J Integr Plant Biol. ›› 2021, Vol. 63 ›› Issue (6): 979-980.DOI: 10.1111/jipb.13106

• Editorial •     Next Articles

Oil crops: From the classical traits to genetic improvement

Zhicheng Dong1, Zhixi Tian2, and Baohui Liu1   

  1. 1Guangzhou Key Laboratory of Crop Gene Editing, Innovative Center of Molecular Genetics and Evolution, School of Life Sciences, Guangzhou University, Guangzhou 510405, China
    2State Key Laboratory of Plant Cell and Chromosome Engineering, Institute of Genetics and Developmental Biology, Innovation Academy for Seed Design, Chinese Academy of Sciences, Beijing 100101, China
  • Received:2021-05-07 Accepted:2021-05-07 Online:2021-05-07 Published:2021-06-01


Soybean, oilseed rape, peanut, and so on, are important resources of vegetable oil for human beings. Cultivation and production of these oil crops are expected to increase due to continuous population growth, which poses a challenge to the genetic improvement of oil crops. With reference genomes of several oil crops sequenced and genetic transformation and gene editing tools readily available, the basic and applied researches of oil crops come to a functional genomic era integrating multiple approaches.
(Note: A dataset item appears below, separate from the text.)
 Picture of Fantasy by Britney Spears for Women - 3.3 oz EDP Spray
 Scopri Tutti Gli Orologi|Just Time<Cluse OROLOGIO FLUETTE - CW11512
Plants measure day length (photoperiod) to determine when to flower and, thus, increase their chance of reproductive success. Soybean is one of the two plant species first discovered to have a photoperiodic response by Garner and Allard 100 years ago (Garner and Allard, 1920). Photoperiodic flowering is especially important for high yield production and broad latitude adaptation of soybean. In this issue, Lin et al. (2021) review the recent progress in dissecting the genetic regulatory network of photoperiodic flowering and provide a reference for molecular design and breeding of high yield soybean. Moreover, Fang et al. (2021) identify that the two major long-juvenile (LJ) loci, J and E6, are allelic. E6 is a loss-of-function allele, which carries a retrotransposon inside J, one of the components of soybean evening complex. Also revealed in this issue are the genetic and biochemical interactions among soybean growth habit and flowering timing pathways, where Yue et al. (2021) show that Dt1 and FT5a compete for physical binding to FDc1, regulate the expression of AP1, and control vegetative-to-reproductive transition of shoot apical meristem.

The root microbiome, also known as the rhizosphere microbiome, is the microorganisms associated with plant roots. These microorganisms could be beneficial, detrimental, or neutral to plant development and/or nutrients absorption. Wang et al. explore the microbial strains associated with soybean roots (2021). Potential beneficial strains were selected and constructed as synthetic communities, which improve soybean growth and nutrients usage both under lab condition and in field test.

Triacylglycerols (TAGs) are major components of soybean oil. In an attempt to increase oil content of soybeans, Zhao et al. (2021) engineered to overexpress a glycerol-3-phosphate dehydrogenase, encoded by GmGPDHp1, which significantly increase the content of TAG precursor, glycerol-3-phosphate (G3P), and eventually unsaturated fatty acids, without compromising the seed protein content and yield. Therefore, manipulation of G3P metabolism could be an effective strategy to improve soybean oil content.

In soybean, utilization of heterosis to improve yield lags far behind rice, maize and other crops of grass family. Male sterile soybean mutant and its causal gene are potential tools for utilizing heterosis. Nadeem et al. (2021) demonstrated that loss-of-function of a kinesin-like protein coding gene, GmMs1, compromised the pollen development and led to resulting in male sterility.

Studies on soybean, such as circadian sensing, photoperiodism adaptation, vegetative-to-reproductive growth transition, fat metabolism, gamete development, and root microbiota, not only deepen our understanding of the plant kingdom but also provide guidance to fulfill the improvement of oil crops. Future research would see the translation of this knowledge to targeted molecular design breeding of varieties with higher yield and better qualities.